Y aquí volvemos al sueño. ¿Puede un sistema como el de Estados Unidos recuperar el liderazgo industrial global a golpe de arancel?

La respuesta es clara: ¡NO!

Los aranceles pueden ralentizar importaciones, proteger sectores concretos, generar presión política. Pero no pueden reconstruir una capacidad industrial que ha sido externalizada y desmantelada durante décadas. No pueden crear expertos en utillaje de precisión, ni fomentar vocaciones técnicas, ni recuperar la cultura del esfuerzo y la manufactura que se perdió en el proceso de financiarización de la economía americana.

La esperanza: las grandes disrupciones

Ahora bien, esto no significa que Occidente esté condenado a la decadencia. Las grandes disrupciones tienen el poder de romper jerarquías y abrir oportunidades. Y actualmente vivimos tres disrupciones fundamentales:

  • La inteligencia artificial generativa, que transforma el conocimiento y la automatización cognitiva.
  • Los robots humanoides, que pueden modificar radicalmente el concepto de mano de obra.
  • La movilidad eléctrica y autónoma, que reformula la movilidad, el transporte y la logística.

Cuando hay una disrupción, la experticia anterior deja de tener valor, y hay que volver a empezar. Esta es la oportunidad real para Europa y Estados Unidos: no competir en terrenos perdidos, sino crear los nuevos.

Ahora bien, la tecnología por sí sola no hace milagros. Los cambios los hacen las personas, y lo hacen a través de sus instituciones, valores y cultura. Y aquí es donde Occidente tiene un reto profundo.

El factor cultural

Como decía Peter Drucker, “culture eats strategy for breakfast”. Y eso sigue siendo cierto.

Los sistemas educativos occidentales han priorizado el individualismo, el cortoplacismo y la comodidad por encima de la exigencia. Las administraciones padecen de ineficiencia crónica, las leyes a menudo responden a dinámicas populistas, y los incentivos están diseñados para maximizar resultados inmediatos, sacrificando el bienestar colectivo a medio y largo plazo.

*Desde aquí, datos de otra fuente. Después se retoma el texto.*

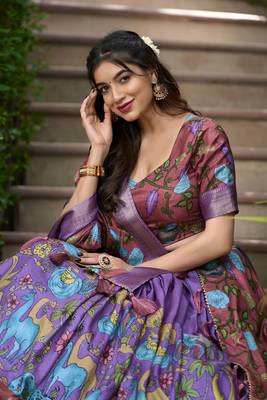Lavender and Pink Silk Zari Woven and Multicolor Kalamkari Printed Lehenga Choli 9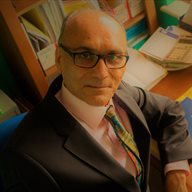 Anjum Memon headshot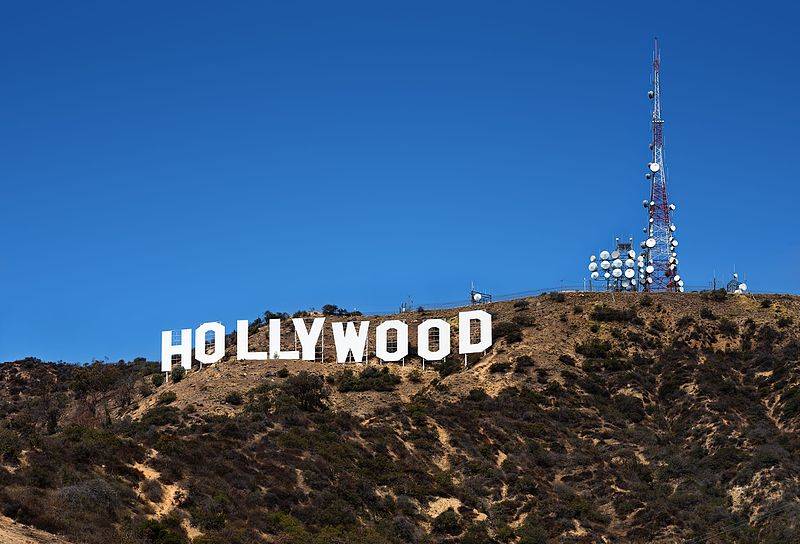 800px-Hollywood_Sign.jpg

Los aranceles pueden ralentizar importaciones, proteger sectores puntuales, generar presión política. Pero no reconstruir una capacidad industrial desmantelada

En cambio, en muchos países asiáticos, y en especial en China, se mantiene una cultura de sacrificio colectivo, disciplina, progreso nacional y exigencia formativa. Son valores que pueden no gustarnos, pero que producen frutos visibles.

Es ahora cuando debemos construir la experticia que dará forma a las empresas y organizaciones del siglo XXI, y hará obsoletas a las actuales. Esta es nuestra oportunidad. Pero hay un pero: los cambios los hacen los humanos y no la tecnología, y los humanos los hacen en base a sus valores y su cultura.

Quizá, entonces, para competir de nuevo, Occidente debería mirar hacia Asia no solo para ver dónde está el rival, sino para aprender a construir un futuro alternativo, basado en valores y una cultura de la innovación.